Implementing the backward search

The backward search is described in detail in the first part of the tutorial. We go through the characters of the query one at a time in reverse order and extract their numeric code (c = NUM[query[pos]]). Like for a bisection, we initialize the search interval as the whole suffix array (minus the first position, which cannot be a match). The bottom of the interval is updated by the formula bot = C[c] + OCC[c][bot-1] and the top by the formula top = C[c] + OCC[c][top]-1. If the top of the interval becomes lower than the bottom, the query is not in the text and the search can stop. At the end we just print the positions of the text containing the query.

void backward_search (char * query) {
   int bot = 0;
   int top = L-1;
   for (int pos = strlen(query)-1 ; pos > -1 ; pos--) {
      int c = NUM[query[pos]];
      bot = C[c] + (bot > 0 ? OCC[c][bot-1] : 0);
      top = C[c] + OCC[c][top]-1;
      if (top < bot) break;
   }
   for (int i = bot ; i <= top ; i++) {
      printf("%s: %d\n", query, SA[i]);
   }   
}

The backward search is the most advanced part of the code. Below are some exercises that I recommend solving if you want to understand the algorithm in depth.

__Exercises__ 1. Why test `bot > 0` when updating `bot` in the loop? 1. Show that the update formula is correct when `bot` is 0. 1. Why is `top` lower than `bot` when there is not hit?

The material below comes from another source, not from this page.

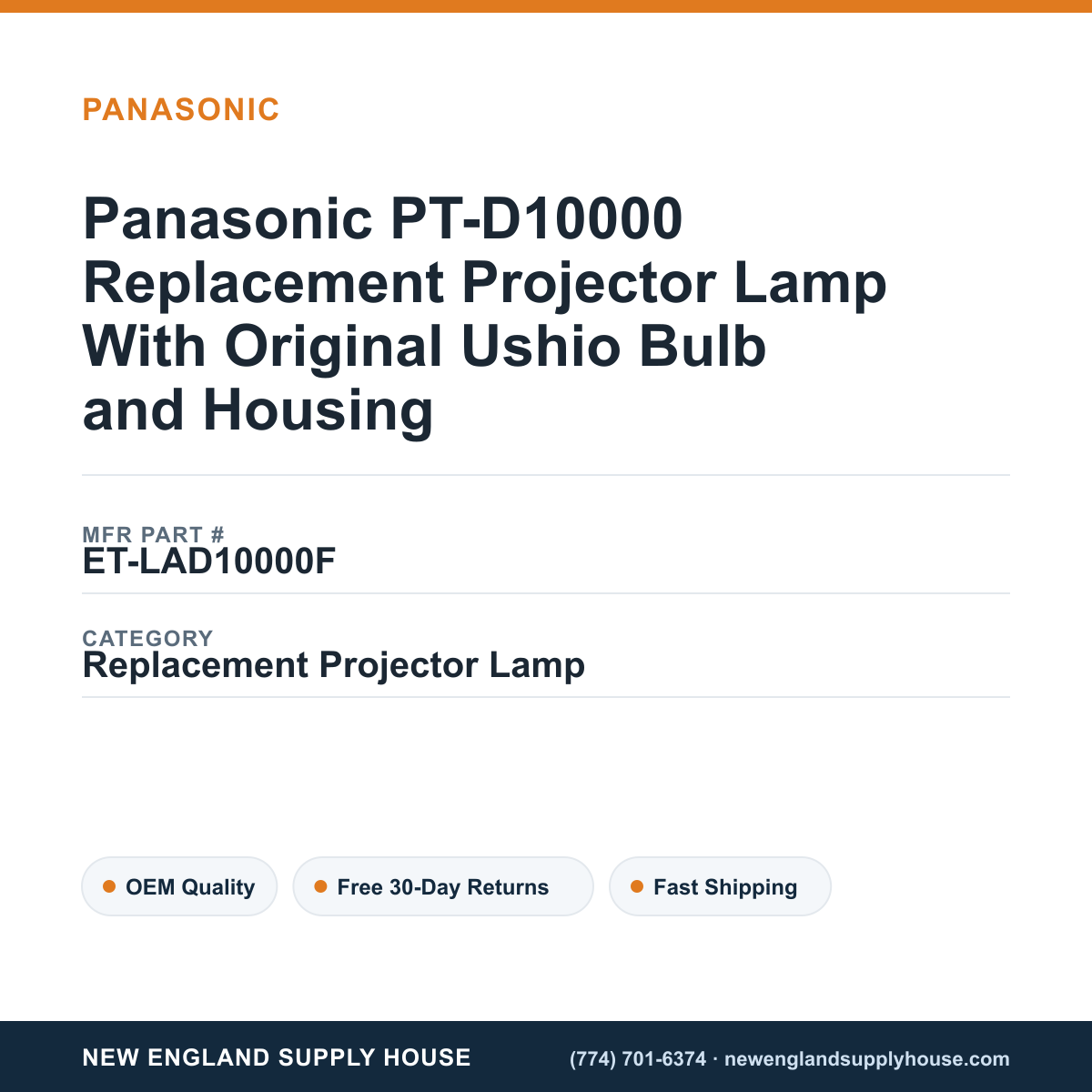 Panasonic PT-D10000 Replacement Projector Lamp With Original Ushio Bulb and Housing — New England Supply House spec card [NESH-SPEC-CARD-V2]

__Answers__ 1. The term `bot-1` in the update formula would point outside the domain of definition of `OCC`. This is an error and the most likely outcome is that we would retrieve a junk value. 1. `bot` is 0 at the first iteration, the range of a single character `c` in the suffix array starts at `C[c]` by construction. After the first iteration, `bot` is non-zero because `c` cannot be the terminator `$`. 1. If the hit is not present in the text the character `c` never precedes the suffixes in the range from `bot` to `top` in the suffix array. In this range of the Burrows-Wheeler transformed text, the total count of the character `c` is thus 0, so `OCC[c][top]` equals `OCC[c][bot-1]` and `top` is equal to `bot-1`.

Epilogue

The code of learn_bwt_indexing_vanilla.c is surprisingly small. With 60 lines of code we can compute the suffix array of a text, together with the Occ table and the C array, implement the backward search function and run it on an given example. This is all straightforward because we did not have to down-sample or compress the index. Things will become slightly more involved when we need to implement less naive but more useful data structures.